Tyler Gauthier

Profile
- Position: Center

Personal information
- Born: June 29, 1997 (age 29) Nokomis, Florida, U.S.
- Listed height: 6 ft 5 in (1.96 m)
- Listed weight: 300 lb (136 kg)

Career information
- High school: Venice (Venice, Florida)
- College: Miami (FL)
- NFL draft: 2019 (undrafted)

Career history
- New England Patriots (2019)*; Jacksonville Jaguars (2019); New England Patriots (2020)*; Miami Dolphins (2020–2021)*; Buffalo Bills (2021)*; Washington Football Team (2021)*;
- * Offseason or practice squad member only
- Stats at Pro Football Reference

= Tyler Gauthier =

American football player (born 1997)

Tyler Gauthier (born June 29, 1997) is an American professional football center. He played college football for the Miami Hurricanes and signed with the New England Patriots as an undrafted free agent in 2019.

== College career ==
Gauthier played college football for the Miami Hurricanes. During his time with the Hurricanes, he started 29 consecutive games and was named All-ACC Honorable Mention in 2017.

== Professional career ==

Pre-draft measurables
| Height | Weight | Arm length | Hand span | Wingspan | 40-yard dash | 10-yard split | 20-yard split | Vertical jump | Broad jump | Bench press |
| 6 ft 4 in (1.93 m) | 311 lb (141 kg) | 32 in (0.81 m) | 9+7⁄8 in (0.25 m) | 6 ft 5+3⁄8 in (1.97 m) | 5.24 s | 1.86 s | 3.03 s | 30.0 in (0.76 m) | 8 ft 8 in (2.64 m) | 27 reps |
All values from Pro Day

===New England Patriots===
Gauthier went undrafted in the 2019 NFL draft, and signed with the New England Patriots. After being waived as part of final roster cuts, and later signed to the Patriots practice squad on October 15, 2019. Gauthier was also drafted by the St. Louis BattleHawks of the XFL on the same day.

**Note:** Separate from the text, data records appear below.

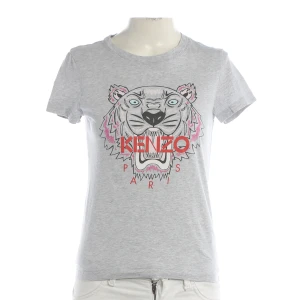 Kenzo Tiger T-Shirts (grau, Gr. XS) Baumwolle - gebraucht, mit Ikonischer Tiger-Print auf der Vorderseite & Roter Kenzo Logo-Schriftzug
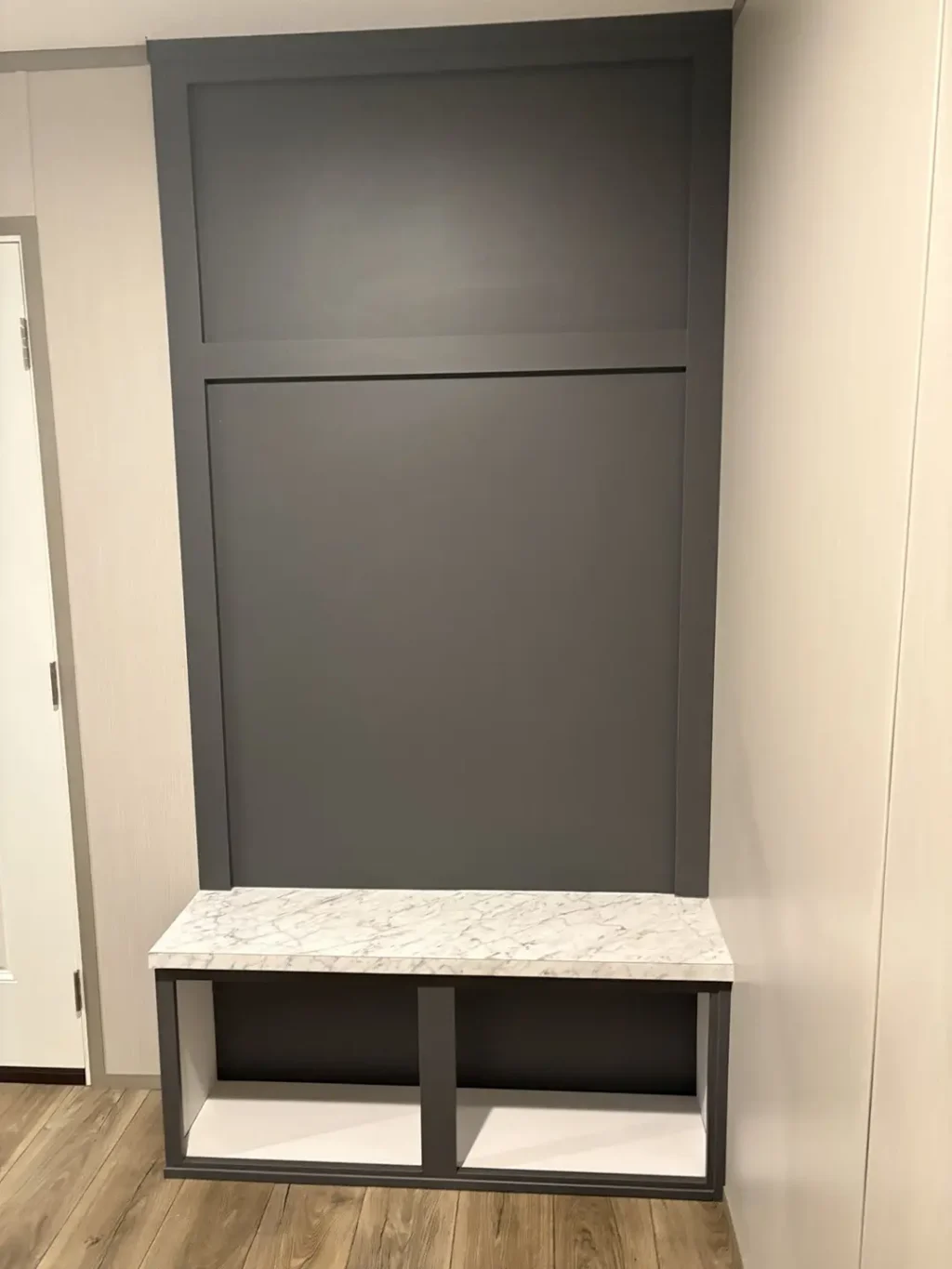 Coat rack & bench Image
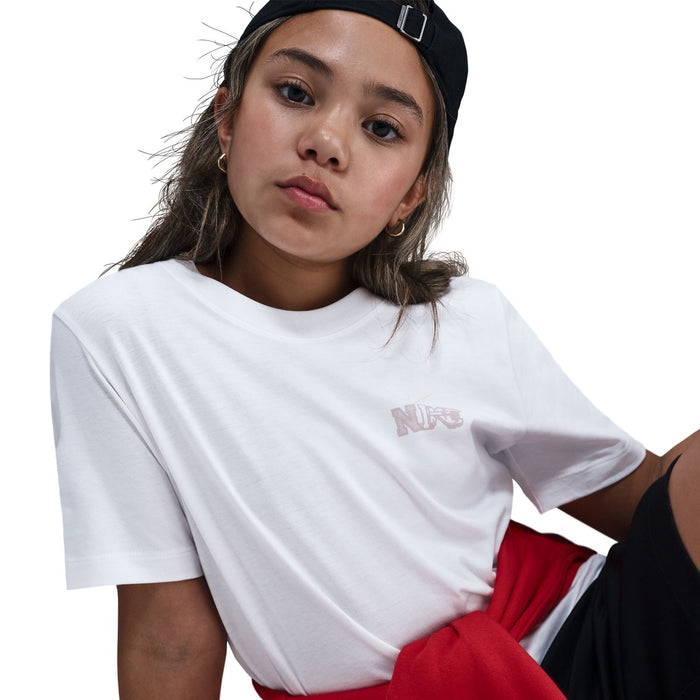 White youth T-shirt with small chest Nike logo, crew neck detail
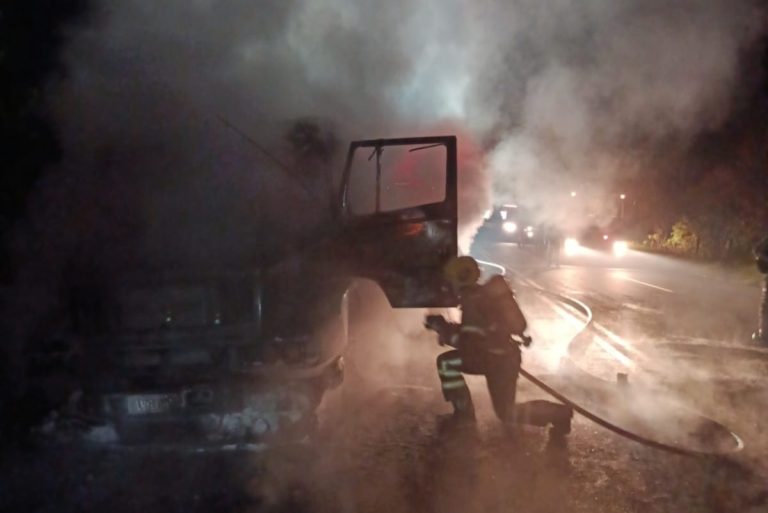 Caminhão pega fogo na SC-350 e motorista fica ferido em Lebon Régis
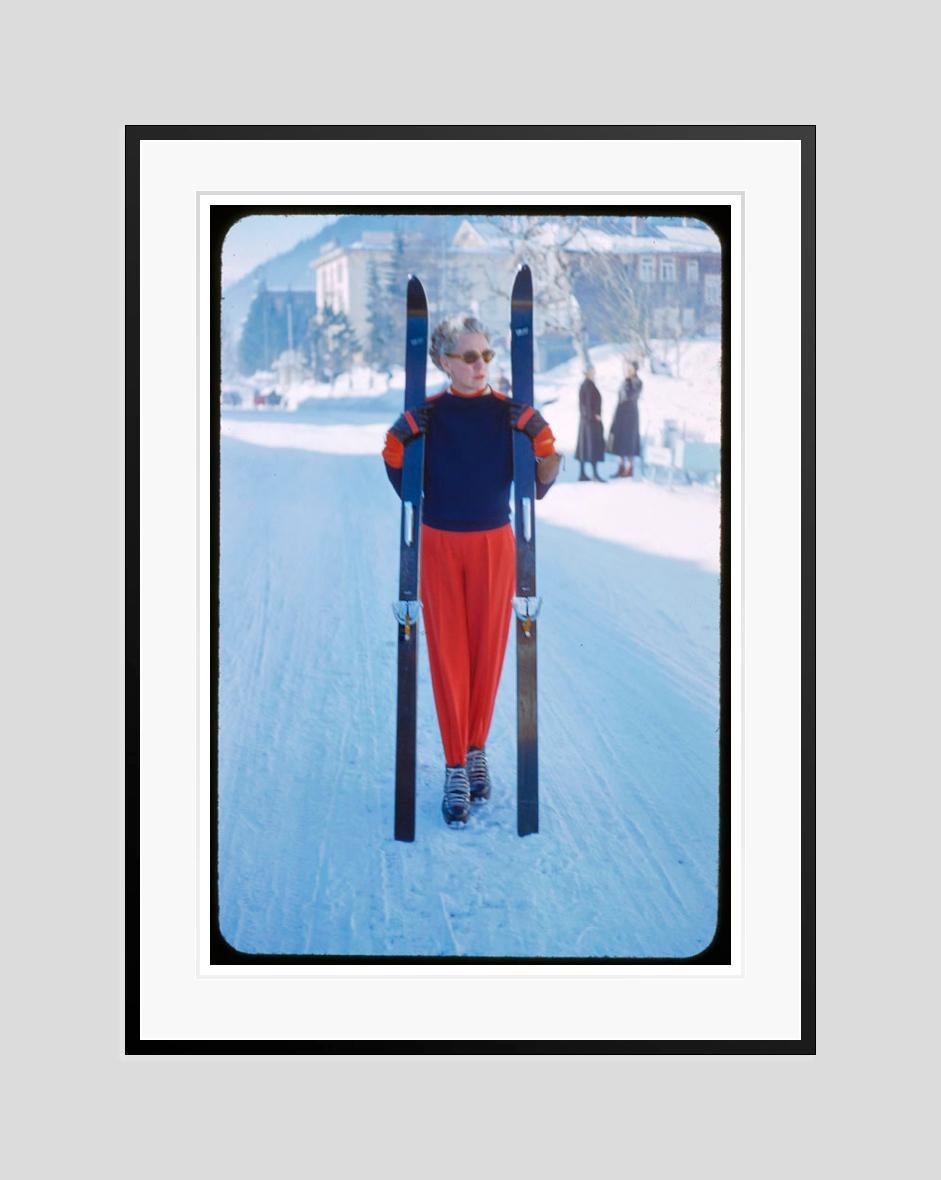 Ice Cool 

1955

A stylish female skier at Klosters ski resort,Switzerland, 1955

by Toni Frissell

20 x 24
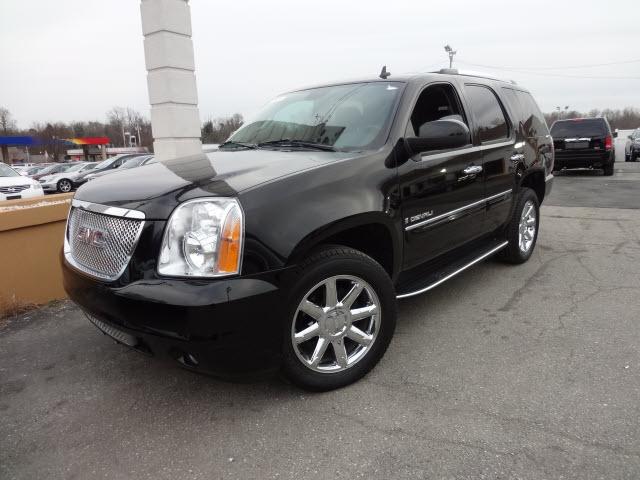 Photo of 2008 GMC Yukon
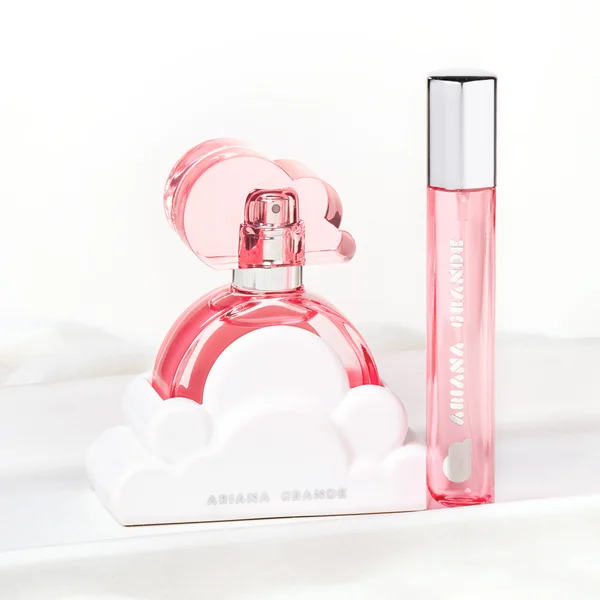 Ariana Grande Cloud Pink Gift Set (Worth £45)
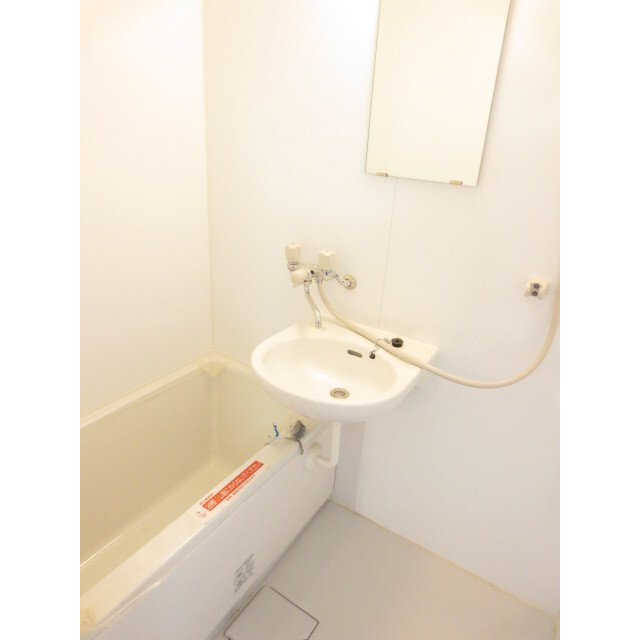 カーネス中野坂上 内観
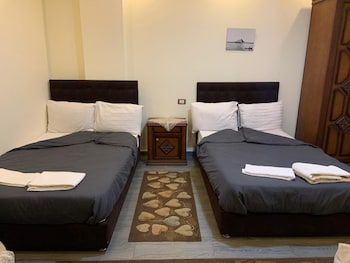 cairo pyramids view inn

===Jacksonville Jaguars===
On December 10, 2019, Gauthier was signed by the Jacksonville Jaguars off the Patriots practice squad. He was waived on August 8, 2020.

===New England Patriots (second stint)===
Gauthier re-signed with the Patriots on August 12, 2020. He was waived on September 5, 2020.

===Miami Dolphins===
On September 16, 2020, Gauthier was signed to the Miami Dolphins' practice squad. He signed a reserve/future contract with the Dolphins on January 5, 2021. He was waived on July 16, 2021.

===Buffalo Bills===
Gauthier signed with the Buffalo Bills on July 30, 2021, but was waived on August 24, 2021.

===Washington Football Team===
Gauthier signed with the practice squad of the Washington Football Team on November 24, 2021, but was released two days later.